It’s not quite a delay, but Surface Hub 2 won’t be rolling out exactly as Microsoft originally planned. Instead, Microsoft will release the upcoming collaborative device in two versions, one of which will run the original Surface Hub experience.
This is understandable in retrospect, and as Microsoft explained today, the decision to make such a version of Surface Hub 2—which it will call Surface Hub 2S—is due to feedback: Many corporate customers who have already rolled out the original Surface Hub and are interested in Surface Hub 2 as well don’t want to have two different experiences across different device types.
Surface Hub 2—sorry, Surface Hub 2S—will still launch in 2019 as promised. But the software giant is using customer feedback as an excuse to effectively delay the “real” Surface Hub 2 display, now called Surface Hub 2X, to 2020.
The good news? Customers that purchase Surface Hub 2S can upgrade to the full Surface Hub 2X experience.
“In 2020, we will release updates to the Surface Hub family to enable customers to update to Surface Hub 2X,” Microsoft’s Robin Seiler explains. “This includes the ability to tile, rotate, and enable multi user log in. This simple update is enabled by our design of removable processor cartridges, in an easily accessible hardware chassis on the back of the Surface Hub 2. This processor cartridge can be removed, upgraded and serviced over time. The cartridge is what will enable customers to make the switch to the Microsoft 365-powered Surface Hub 2X in 2020.”
I know that many will see this in a negative light. And it’s fair to point out that the original Surface Hub was delayed, saw a price increase, and has been in short supply ever since it first shipped. So why should Surface Hub 2 be any different?
I get that.
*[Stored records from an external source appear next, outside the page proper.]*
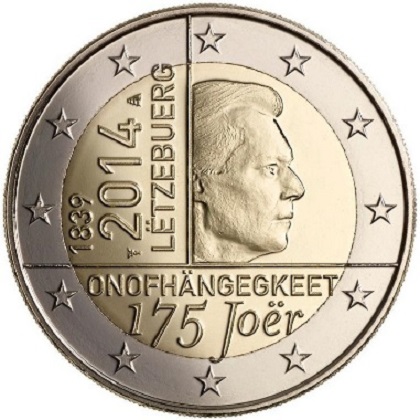 2 euros 2014 commémorative luxembourg 175e anniversaire de son indépendance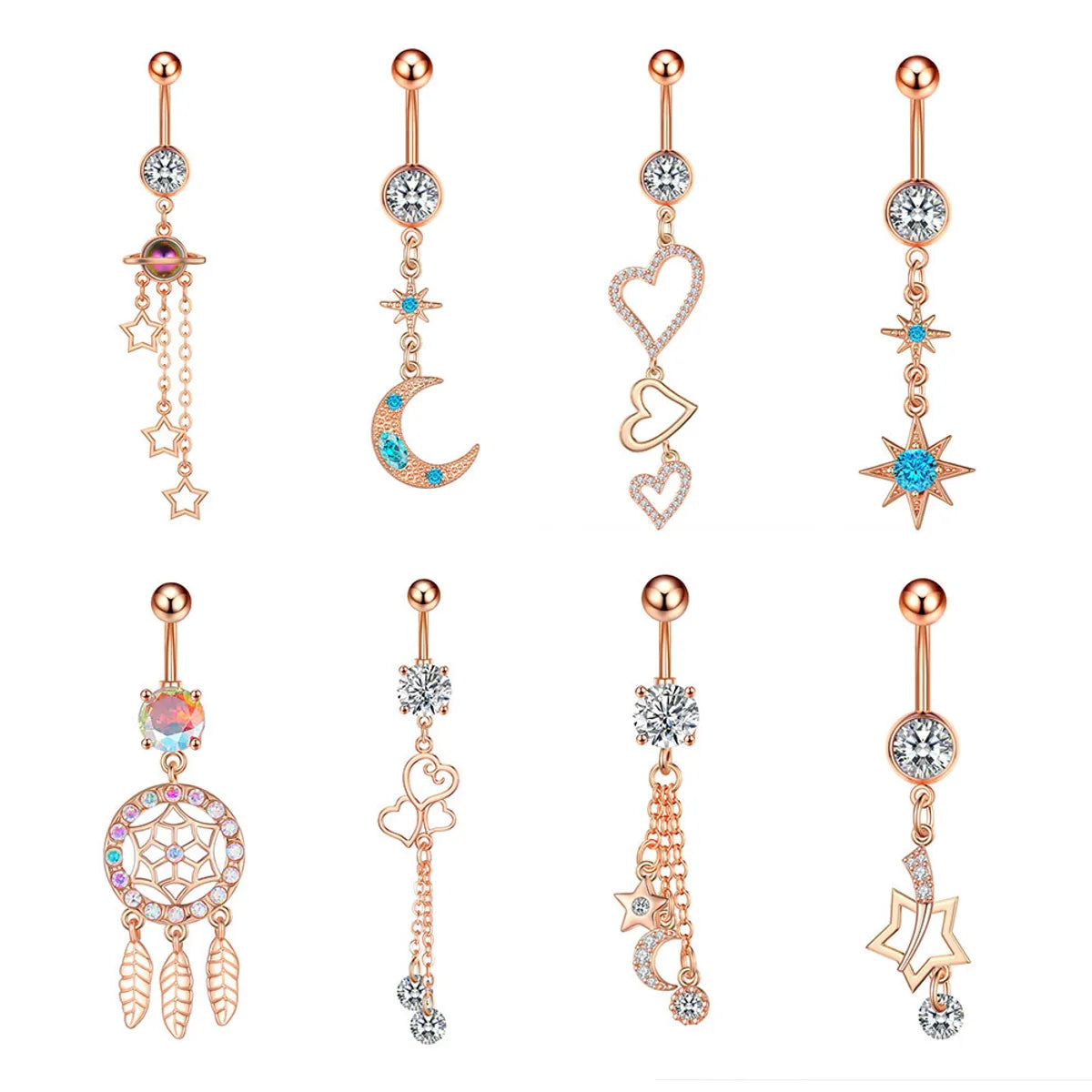 Fashion Heart Shape Copper Plating Zircon Belly Ring 1 Piece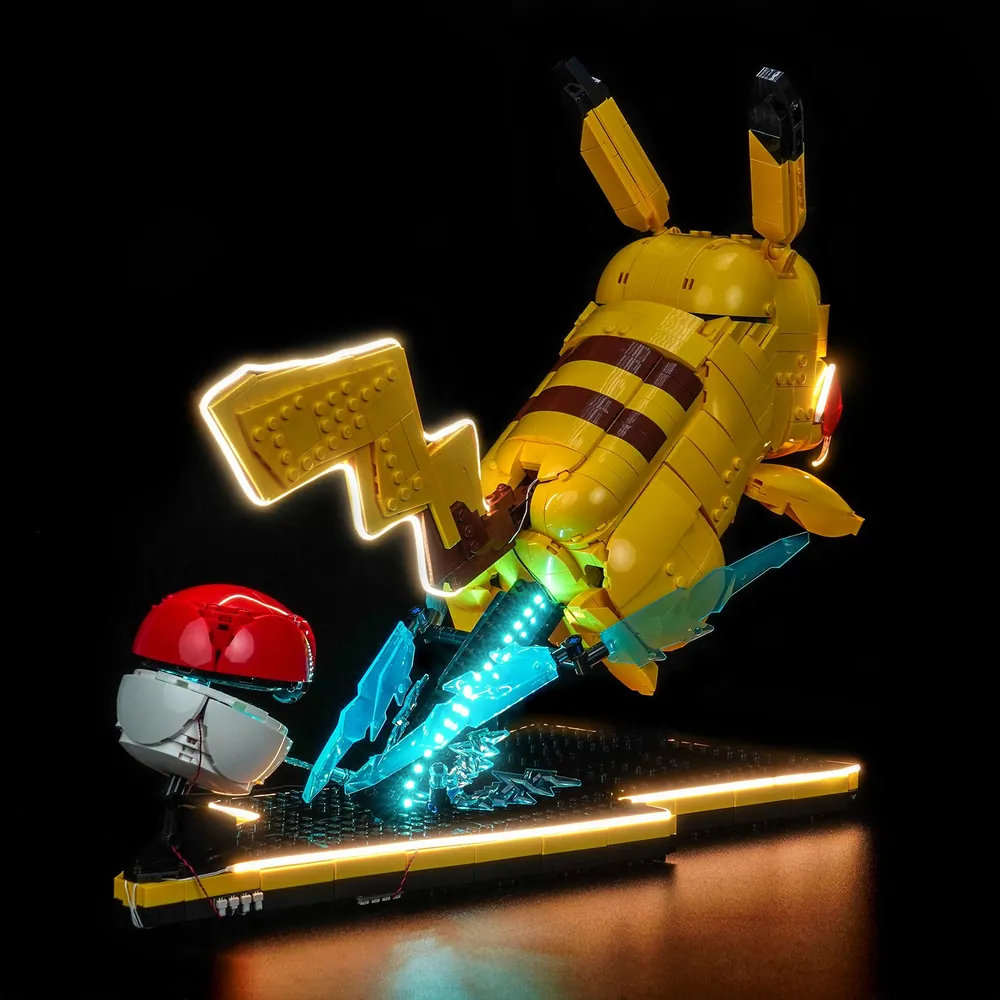 Modular micro-LED wiring of BrickBling kit on LEGO Pikachu and Poké Ball display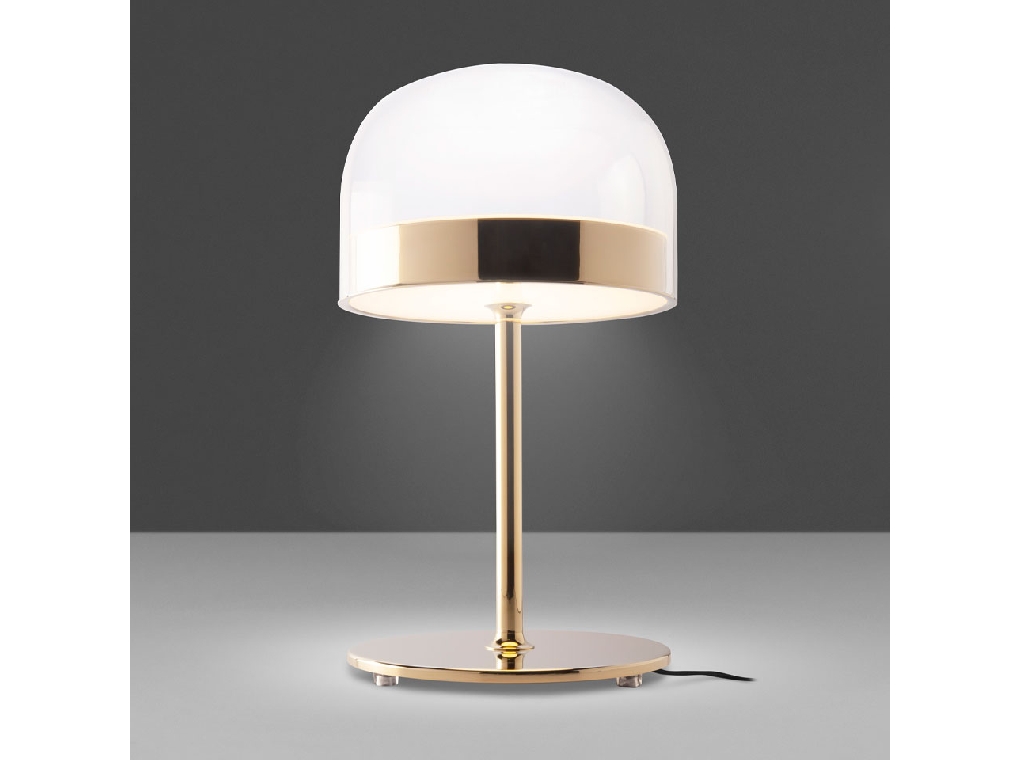 Table lamp in gilded steel with translucent glass shade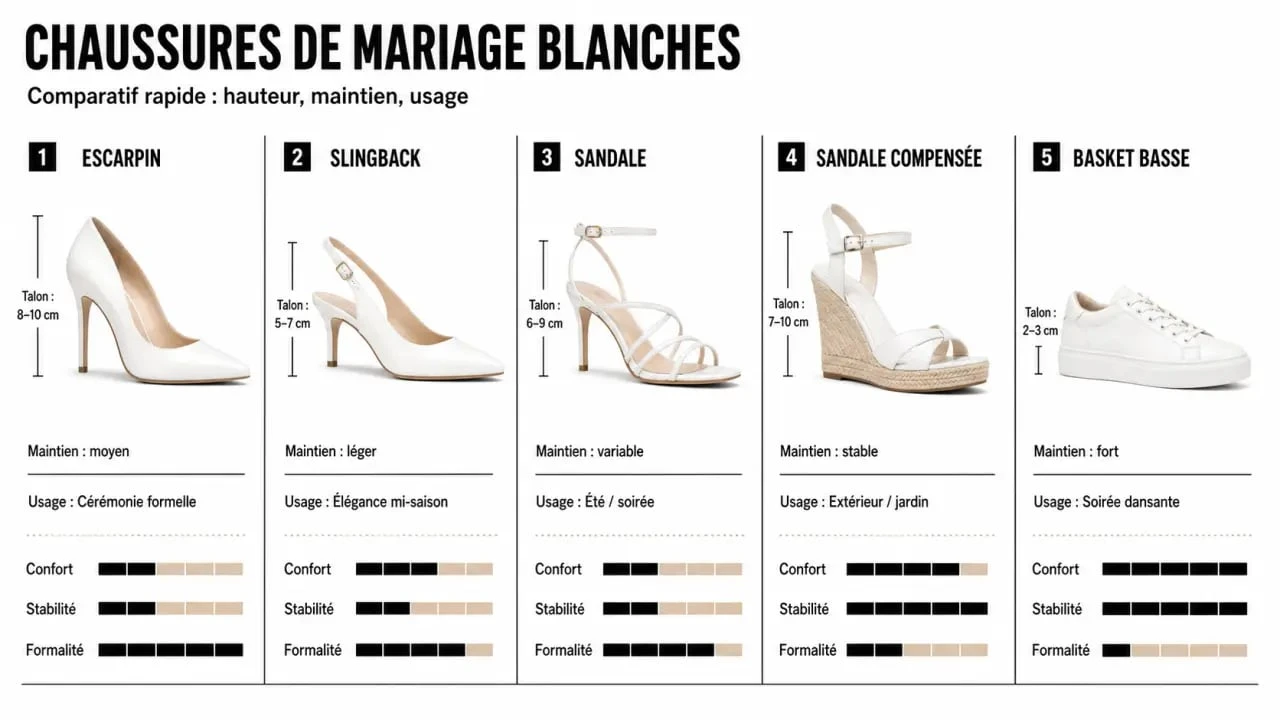 Comparatif de chaussure mariage blanche : escarpin, sandale, compensée et basket basse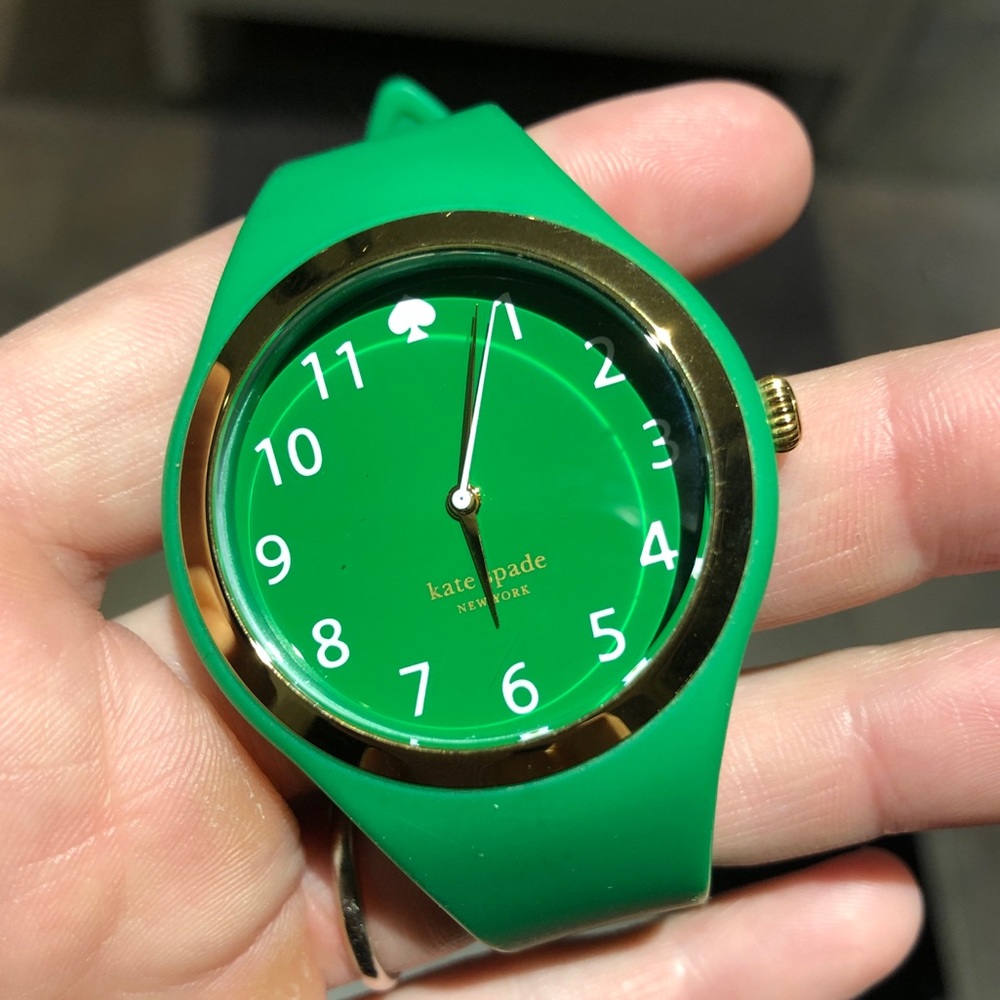 Green kate spade watch | Gold trim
But Surface Hub 2 being shaped by customer feedback is a good thing, and the ability to switch between Surface Hub 2S and 2X functionality will give those customers the continuity they require. I do have questions—including the cost of that processor cartridge upgrade—but it’s more important to get this right than to ship a new generation of hardware on an arbitrary schedule.
We have the chance to go hands-on with Surface Hub 2 this week in Ignite. I’m looking forward to that, assuming my crazy-busy schedule allows for it.